1926–27 FAI Cup

Tournament details
- Country: Republic of Ireland

Final positions
- Champions: Drumcondra (1st title)

Tournament statistics
- Matches played: 12
- Goals scored: 44 (3.67 per match)

= 1926–27 FAI Cup =

The FAI Cup 1926-27 was the sixth edition of Ireland's premier cup competition, The Football Association of Ireland Challenge Cup or FAI Cup. The tournament began on 8 January 1927 and concluded on 9 April with the final replay held at Shelbourne Park, Dublin. An official attendance of 10,000 people watched Leinster Senior League side Drumcondra defeat Brideville in the first final to be decided in extra time.
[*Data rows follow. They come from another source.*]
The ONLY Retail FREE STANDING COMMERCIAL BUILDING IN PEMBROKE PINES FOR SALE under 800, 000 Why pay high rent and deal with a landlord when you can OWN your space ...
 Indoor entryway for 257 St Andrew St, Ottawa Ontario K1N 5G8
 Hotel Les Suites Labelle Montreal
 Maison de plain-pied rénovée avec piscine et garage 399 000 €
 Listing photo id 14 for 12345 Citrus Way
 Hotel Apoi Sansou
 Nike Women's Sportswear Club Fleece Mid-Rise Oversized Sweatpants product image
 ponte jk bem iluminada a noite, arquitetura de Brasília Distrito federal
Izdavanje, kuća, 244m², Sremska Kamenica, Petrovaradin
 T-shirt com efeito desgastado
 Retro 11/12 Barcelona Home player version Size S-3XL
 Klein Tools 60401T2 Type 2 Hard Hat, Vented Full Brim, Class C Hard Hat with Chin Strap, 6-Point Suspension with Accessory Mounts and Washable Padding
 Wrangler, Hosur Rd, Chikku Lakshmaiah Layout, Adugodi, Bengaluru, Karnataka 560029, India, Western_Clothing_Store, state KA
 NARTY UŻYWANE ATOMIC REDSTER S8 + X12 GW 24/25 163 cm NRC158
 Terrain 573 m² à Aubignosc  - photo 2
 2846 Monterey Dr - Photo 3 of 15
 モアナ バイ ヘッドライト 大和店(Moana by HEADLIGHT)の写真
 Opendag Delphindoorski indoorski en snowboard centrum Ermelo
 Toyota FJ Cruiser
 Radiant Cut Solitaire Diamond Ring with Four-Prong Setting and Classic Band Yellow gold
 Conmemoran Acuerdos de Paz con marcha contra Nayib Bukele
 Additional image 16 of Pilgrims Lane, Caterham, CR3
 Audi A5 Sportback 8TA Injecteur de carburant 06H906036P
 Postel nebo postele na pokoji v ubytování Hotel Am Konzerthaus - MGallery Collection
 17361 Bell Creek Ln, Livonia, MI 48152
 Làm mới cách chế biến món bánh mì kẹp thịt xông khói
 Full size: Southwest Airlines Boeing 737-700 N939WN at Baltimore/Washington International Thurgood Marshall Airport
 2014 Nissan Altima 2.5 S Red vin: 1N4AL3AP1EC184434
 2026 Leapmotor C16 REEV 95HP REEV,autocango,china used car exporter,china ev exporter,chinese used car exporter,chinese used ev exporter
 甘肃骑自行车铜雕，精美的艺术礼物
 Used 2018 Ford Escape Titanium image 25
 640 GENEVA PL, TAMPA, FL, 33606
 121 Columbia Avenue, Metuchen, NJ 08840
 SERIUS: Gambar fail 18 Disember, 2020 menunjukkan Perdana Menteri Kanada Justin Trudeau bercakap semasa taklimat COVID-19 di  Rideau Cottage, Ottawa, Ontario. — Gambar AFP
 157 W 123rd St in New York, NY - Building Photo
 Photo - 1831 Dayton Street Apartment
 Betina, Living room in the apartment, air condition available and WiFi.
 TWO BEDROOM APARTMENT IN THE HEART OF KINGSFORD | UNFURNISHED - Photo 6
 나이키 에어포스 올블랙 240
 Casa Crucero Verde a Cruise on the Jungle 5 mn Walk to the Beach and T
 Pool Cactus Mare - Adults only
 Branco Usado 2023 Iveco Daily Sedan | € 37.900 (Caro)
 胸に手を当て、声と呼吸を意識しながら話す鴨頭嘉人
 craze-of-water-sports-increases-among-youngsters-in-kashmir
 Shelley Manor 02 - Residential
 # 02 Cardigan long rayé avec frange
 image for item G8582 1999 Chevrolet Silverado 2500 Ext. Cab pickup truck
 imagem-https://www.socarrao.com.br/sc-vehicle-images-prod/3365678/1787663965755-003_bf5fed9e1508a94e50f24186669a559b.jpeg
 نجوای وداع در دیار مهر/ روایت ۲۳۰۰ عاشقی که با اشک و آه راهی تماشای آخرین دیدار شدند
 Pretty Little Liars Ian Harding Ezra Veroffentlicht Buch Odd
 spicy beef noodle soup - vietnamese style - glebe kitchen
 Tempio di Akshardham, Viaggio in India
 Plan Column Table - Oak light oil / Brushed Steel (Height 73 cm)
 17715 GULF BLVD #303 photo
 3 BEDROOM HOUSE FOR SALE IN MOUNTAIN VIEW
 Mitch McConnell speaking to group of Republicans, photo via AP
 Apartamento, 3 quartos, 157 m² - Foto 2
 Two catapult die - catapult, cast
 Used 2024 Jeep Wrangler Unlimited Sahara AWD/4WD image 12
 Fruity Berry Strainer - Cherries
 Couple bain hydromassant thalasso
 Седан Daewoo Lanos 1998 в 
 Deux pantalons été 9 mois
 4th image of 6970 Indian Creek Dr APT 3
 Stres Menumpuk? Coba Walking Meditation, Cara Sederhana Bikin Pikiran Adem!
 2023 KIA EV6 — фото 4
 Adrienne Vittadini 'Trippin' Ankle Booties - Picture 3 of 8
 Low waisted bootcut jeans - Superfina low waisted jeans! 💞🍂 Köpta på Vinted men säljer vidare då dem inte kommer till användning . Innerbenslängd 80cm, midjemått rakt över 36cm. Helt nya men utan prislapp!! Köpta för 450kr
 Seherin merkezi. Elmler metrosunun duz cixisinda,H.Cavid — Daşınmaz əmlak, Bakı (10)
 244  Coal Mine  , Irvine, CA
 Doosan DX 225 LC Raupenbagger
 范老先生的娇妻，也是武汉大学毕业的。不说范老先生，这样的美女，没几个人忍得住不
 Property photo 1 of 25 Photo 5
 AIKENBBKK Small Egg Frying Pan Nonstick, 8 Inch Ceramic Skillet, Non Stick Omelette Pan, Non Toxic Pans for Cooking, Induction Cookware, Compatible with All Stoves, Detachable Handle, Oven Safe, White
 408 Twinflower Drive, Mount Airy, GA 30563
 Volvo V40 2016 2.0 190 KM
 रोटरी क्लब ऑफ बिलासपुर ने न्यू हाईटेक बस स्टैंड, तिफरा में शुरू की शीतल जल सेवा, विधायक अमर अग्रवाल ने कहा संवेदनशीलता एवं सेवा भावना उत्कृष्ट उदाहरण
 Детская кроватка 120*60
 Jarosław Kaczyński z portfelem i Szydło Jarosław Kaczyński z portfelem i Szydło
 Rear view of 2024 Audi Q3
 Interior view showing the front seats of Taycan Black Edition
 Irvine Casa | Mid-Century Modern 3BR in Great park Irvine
Drumcondra completed a cup double having already won the FAI Intermediate Cup

==First round==

| Tie no | Home team | Score | Away team | Date |
|---|---|---|---|---|
| 1 | Athlone Town | 1–4 | Shelbourne | 8 January 1927 |
| 2 | Bohemians | 6–1 | Dundalk | 8 January 1927 |
| 3 | Bray Unknowns | 3–0 | Shamrock Rovers | 8 January 1927 |
| 4 | Brideville | 2–1 | Cobh Ramblers | 9 January 1927 |
| 5 | Jacobs | 0–3 | Drumcondra | 9 January 1927 |
| 6 | Fordsons | 2–1 | St James's Gate | 9 January 1927 |

==Second round==

| Tie no | Home team | Score | Away team | Date |
|---|---|---|---|---|
| 1 | Shelbourne | 5–1 | Bray Unknowns | 22 January 1927 |
| 2 | Fordsons | 2–3 | Bohemians | 23 January 1927 |

| Bye | Brideville |
| Bye | Drumcondra |

==Semi-finals==

5 February, 1927
Brideville 2-0 Shelbourne
  Brideville: Murtagh(2)
----
19 February, 1927
Drumcondra 3-1 Bohemians
  Drumcondra: Swan, Coyle, Murray
  Bohemians: Matthews

==Final==

17 March, 1927
Drumcondra 1-1 Brideville
  Drumcondra: McCarney
  Brideville: McCarthy

===Replay===

9 April, 1927
Drumcondra 1-0 Brideville
  Drumcondra: Murray (aet.)

| Winner of FAI Cup 1926–27 |
|---|
| Drumcondra 1st Title |

==Notes==

A. From 1923 to 1936, the FAI Cup was known as the Free State Cup.

B. Attendances were calculated using gate receipts which limited their accuracy as a large proportion of people, particularly children, attended football matches in Ireland throughout the 20th century for free by a number of means.